Ciò che non rese tutto perfetto: Jesse Owens
Jesse Owens rappresentò l’anello di rottura della macchina perfetta di quelle Olimpiadi: a fronte di un’edizione sostanzialmente dominata dagli atleti di razza ariana (la Germania portò a casa poco meno di 90 medaglie risultando prima nel medagliere), Owens riuscì nell’impresa di mettere al collo qualcosa come 4 medaglie d’oro, 100 e 200, staffetta 4×100 e salto in lungo.
In questo senso si mischia da decenni ciò che realmente è successo e aneddoti più o meno veritieri.
Uno di più belli e conosciuti è quello del rapporto quasi fraterno che si venne a creare tra lo stesso Owens e il suo avversario principale per la medaglia d’oro nel salto in lungo, il tedesco Luz Long.
In tanti hanno sempre messo in evidenza l’episodio che l’atleta europeo avesse dato dei consigli decisivi per quella che poi fu la vittoria dell’americano.
Il più importante tra tutti, riguardava la prospettiva che gli atleti sviluppassero nella corsa che portava dalla partenza allo stacco, aiutata, secondo il parere di Long, dall’attenzione verso qualche riferimento sempre fisso che faceva capo ad alcuni punti focali dello stadio.
Al termine della gara fu proprio il tedesco a congratularsi per primo con il “colored” e molte foto dell’epoca ritraggono i due insieme, cosa che non fece piacere a Hitler.
In tanti ci hanno sempre detto che alla premiazione di Owens che fece seguito a quella vittoria, Hitler non solo non vi prese parte, ma la abbandonò scuro in volto prima che gli atleti entrassero all’interno dello stadio.
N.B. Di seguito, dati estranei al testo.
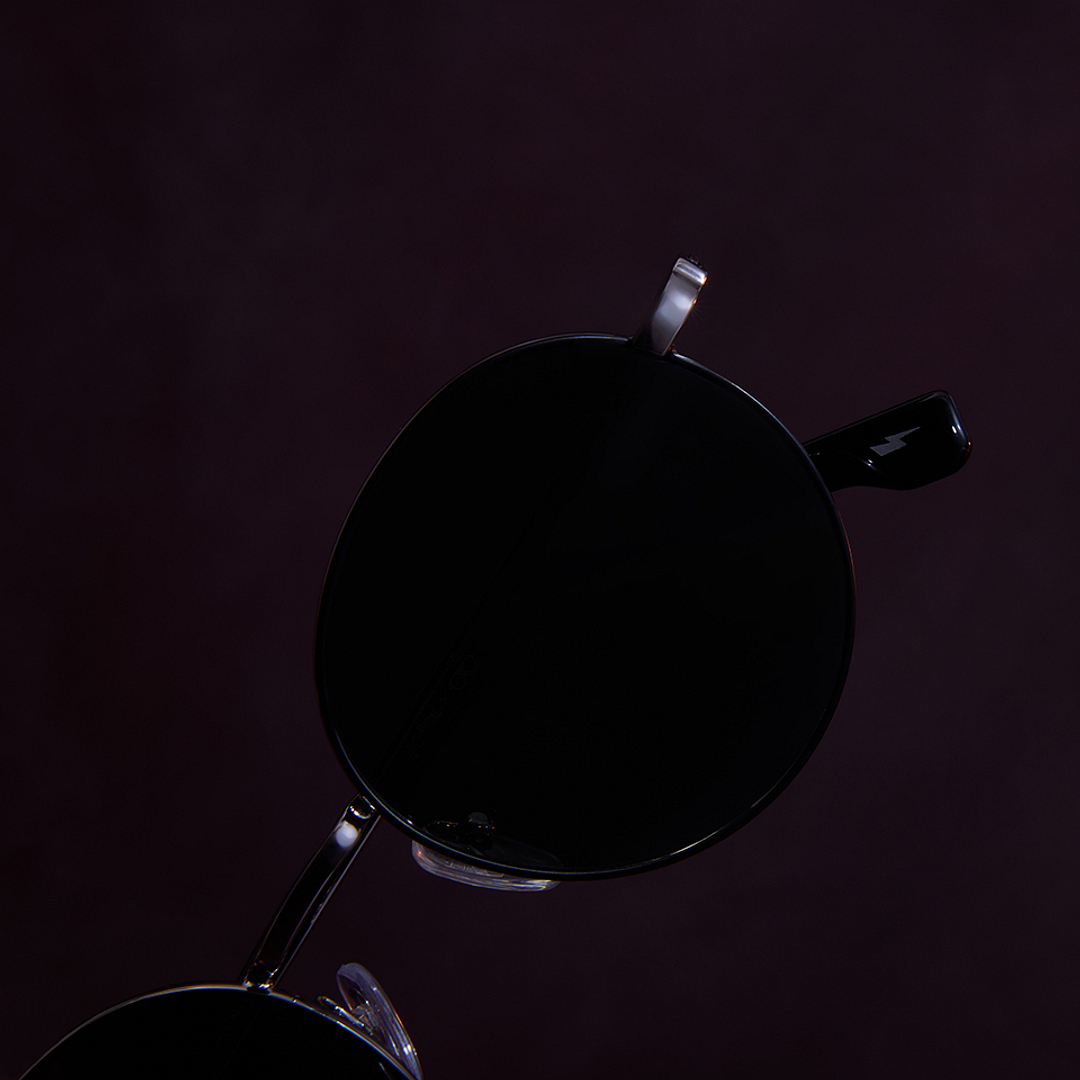 Product 7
E invece accadde qualcosa di miracoloso.
Ma la verità, almeno a detta di Owens è un’altra.
Come lo stesso atleta americano scrisse nella sua autobiografia, al termine della premiazione, con tanto di medaglia al collo, Owens passò sotto la tribuna delle autorità, incrociando lo sguardo per qualche secondo proprio con Hitler.
Ma non è tutto: il capo del partito nazista si alzò in piedi per omaggiare la vittoria del proprio “rivale” riconoscendone il valore, episodio che, ancora a distanza di anni, fa capire quanto importanti furono i successi di Owens.
Questo quadro ha del miracoloso, non vi sono aggettivi più calzanti: rappresenta il Führer che si arrende allo strapotere di una razza da lui considerata inferiore e che non può fare altro che omaggiarlo, salutarlo da eroe prima, e da campione poi.
Le cronache dell’epoca, queste però da verificare, ci raccontano che una foto autografata personalmente da Hitler fu fatta recapitare all’atleta statunitense una volta tornato in patria, foto che Jesse avrebbe tenuto per sempre dentro il suo portafoglio.
Nessuno pensi che la descrizione di tali manifestazioni svolgano una sorta di revisionismo dell’ultima ora, tanto che, giusto per la cronaca, pochi anni dopo la chiusura di quei Giochi Olimpici, Hitler diede il via ad una delle più vergognose carneficine ai danni di milioni di ebrei.
Ma ciò che potrebbe farci riflettere è quanto possa essere superiore il significato che il quadretto appena riportato può insediarsi all’interno delle nostre coscienze.
La Politica che si fa piccola rispetto all’impresa sportiva di un uomo arrivato da una delle parti più povere del Pianeta.
Un totale appiattimento e livellamento del piano di campo di gioco, in cui non esistono più razza, cultura, odio e pensieri di superiorità.